One of the annoyances that can get to you over the years is the fact that some directors are forever playing with their masterpiece. I will take my ire to two of my favourite sci-fi films but also what their directors have done over the years to the film.
The main culprit has to be George Lucas. Foever tinkering with the Star Wars trilogy. Every time making them slightly worse than when they first hit the silver screen between 1977 and 1983. Gredo shooting first was the biggest sacrilegious change in most peoples opinion.
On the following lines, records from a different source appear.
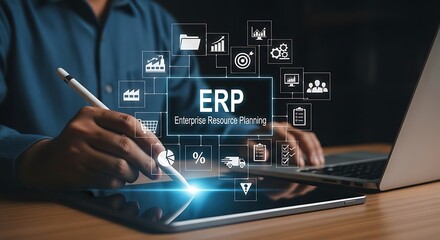 Business professional uses tablet to manage ERP system and data.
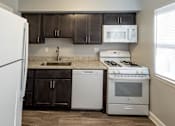Thumbnail 3 of 25 - Kitchen with white refrigerator at McDonogh Village Apartments & Townhomes, Randallstown, Maryland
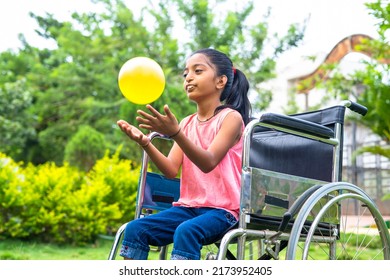 concept of happiness, freedom and enjoyment showing by Smiling alone girl kid with disability playing with ball while on wheelchair at park. - Powered by Shutterstock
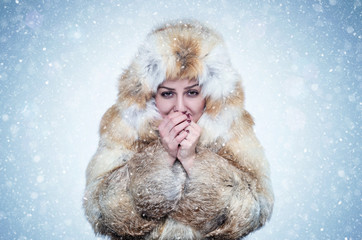 Frozen young woman in a fox fur coat warming hands, cold, snow, frost, blizzard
Then there is the other side of the coin. The good. I can think of two scenes that have been improved. As well as that there was quite a few pieces of cleaning up of 20 year old analogue compositing and removing the dust that built up between the different elements. For me the best example of scenes being improved is when the Millennium Falcon takes off from Docking Bay 94 and the next shot with stormtroopers looking at the escaping Millennium Falcon.
Another director who has, over the years, revisited one of his films. With a bit of a hit-and-miss approach. The director is Ridley Scott. The film is, as the one mentioned above, one of my favourite of all time. That being Blade Runner. Set six years in the future. Instead of what Lucas did to Star Wars, Scott has done some great alterations. As well as that, he did do some bad things to the films as well.
I love all the versions of the films. Friends can tell you I can bore them ridged about the film and the differences between each version.
The only thing I don’t like about the 1992, and other versions is the lack of Deckard’s voice overs. I love them. It sets the tone for what’s going to happen. A Tech Noir thriller. It gives the viewer a feel of a 40s Sam Spade-esque detective story but set sometime in the future. One of the original trailer has the same voice over feel to it [I can’t find the scene on youTube]
After that came The Director’s Cut. This was released ten years after the original hit the Silver Screen. It had, for some, the voice overs removed [Boo!] and the dreadful “happy ending” that was tacked on because “The Studio” made him do it. The clean ending is what makes this version. It also dips into the “Deckard is a replicant” mythos with the “Unicorn dream sequence” added.
Then in 2007 we got to see what Scott describes as the “Final Cut”. A mix of all previous versions including the preview versions. That version was used to gauge what an unexpected movie audience thought of the film. It just made the film better. It removed a lot of the annoying little continuity errors – both audio and visual ones.
I can go on and on about other films. Metropolis is another one of those films that have spent many years being butchered into a more “cinema friendly” version. Originally shown it ran to a huge 153 minutes. Then over the years it was butchered and butchered down to a 80 minute version for the 1984 re-release.
Over the last five years there has been two restorations of the film. This has now taken the film back to close to its premier length at 148 minutes.